Pubblicato da Alessandro Violante il febbraio 20, 2015
Visionario. Ci sono vari modi in cui si potrebbe parlare di un album come Along the axis (album del 2014 ripubblicato dalla netlabel Evawyna proprio nella giornata di ieri) della newyorchese Heather H Celeste, ma ascoltandolo attentamente, i principali sono due: c’è un percorso breve e uno lungo, decidere non è semplice anche perchè non si vuole tediare il lettore dietro milioni di caratteri, quindi si proverà a percorrerne uno intermedio.
Due parole sull’artista, il che farà capire meglio la seguente “descrizione” del lavoro: Heather è un’artista, oltre che una musicista, molto curiosa e aperta alla sperimentazione in vari campi, e questa curiosità la porta a creare dei macrocosmi astratti, dei vasi di Pandora dai quali si è leciti aspettarsi di tutto: l’artista è cosciente della natura generativa della musica elettronica e, grazie a questa comprensione, capisce che, da una semplice idea, si può generare un ciclo infinito e imprevedibile. In questo senso, le sue composizioni sono dei cicli, degli imbuti che si originano da un triangolo e che si dilatano sempre più, portandoli in territori sempre diversi e inusuali.

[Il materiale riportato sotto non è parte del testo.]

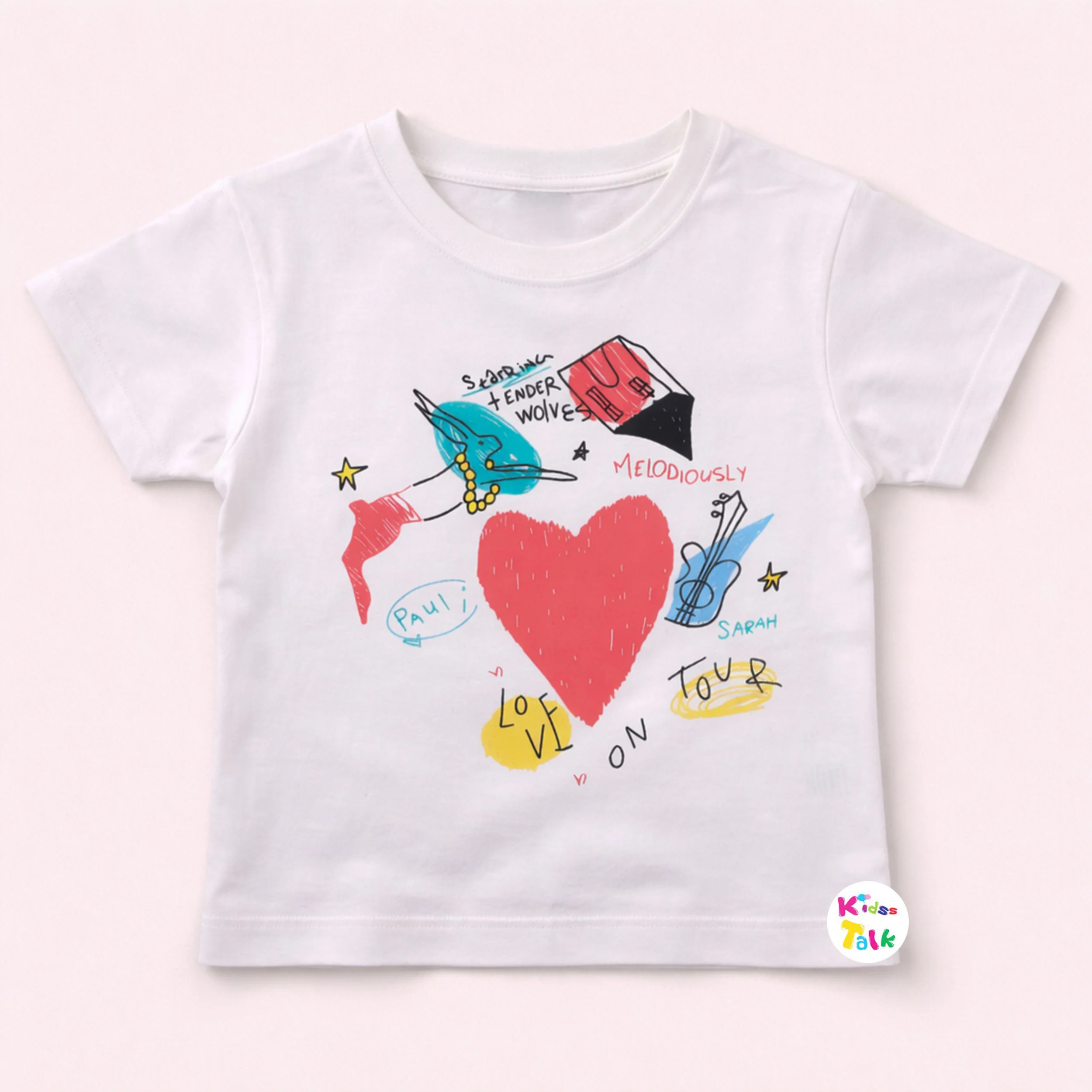 Cotton Knitted Half Sleeve T-shirt With Cute Print - Ice Blue
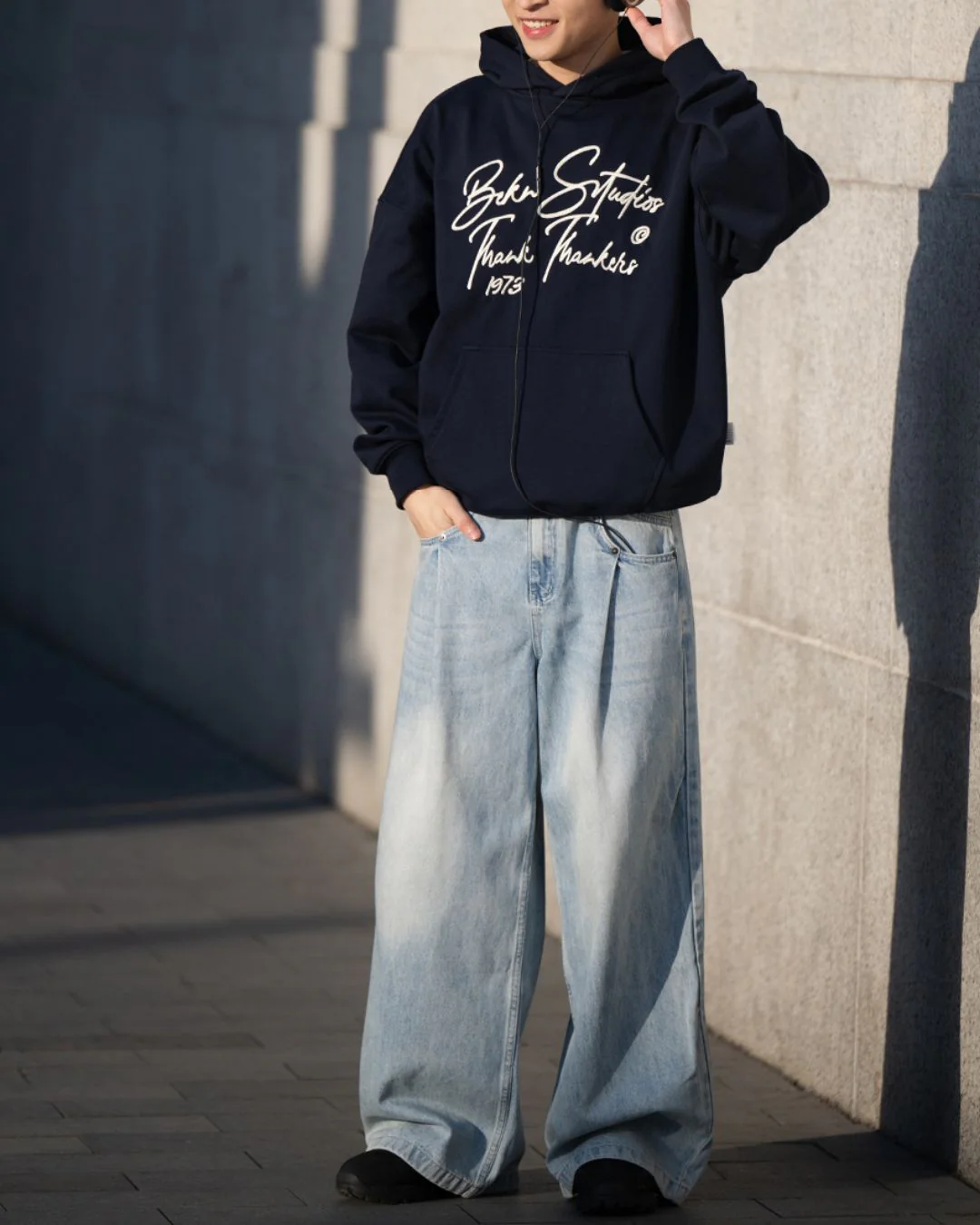 Washed Blue Wide Denim Pants DP048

Come ogni artista che si rispetti, ed essendo newyorchese, non può ignorare l’enorme peso che gli anni dell’avanguardia statunitense degli anni ’60 hanno rivestito all’interno del panorama artistico di NYC: fu infatti negli Stati Uniti che la video art conobbe il suo maggiore successo nel 1969 all’interno della celebre mostra Tv as a creative medium. Non a caso, l’artista attinge anche a quel modo di fare arte e, indubbiamente, questa influenza si riflette anche nella sua musica, basti pensare ai suoi videoclip e alla manipolazione delle immagini, il che rievoca lo spettro della vecchia scuola della performance art riletta attraverso il medium del video. E’ un’artista postmoderna che genera non-luoghi e che mixa, in maniera trasversale (e questa è la novità della sua musica) l’intera storia del ritmo elettronico (che altro non è che una declinazione di quello afro-americano) col postmodernismo (NYC E’ il Postmoderno) dei suoi testi e con l’atmosfera che definire ambient sarebbe riduttivo (meglio chiamarla “esperienza”). Non volendo, abbiamo già spiegato a grandi linee cosa sia questo album.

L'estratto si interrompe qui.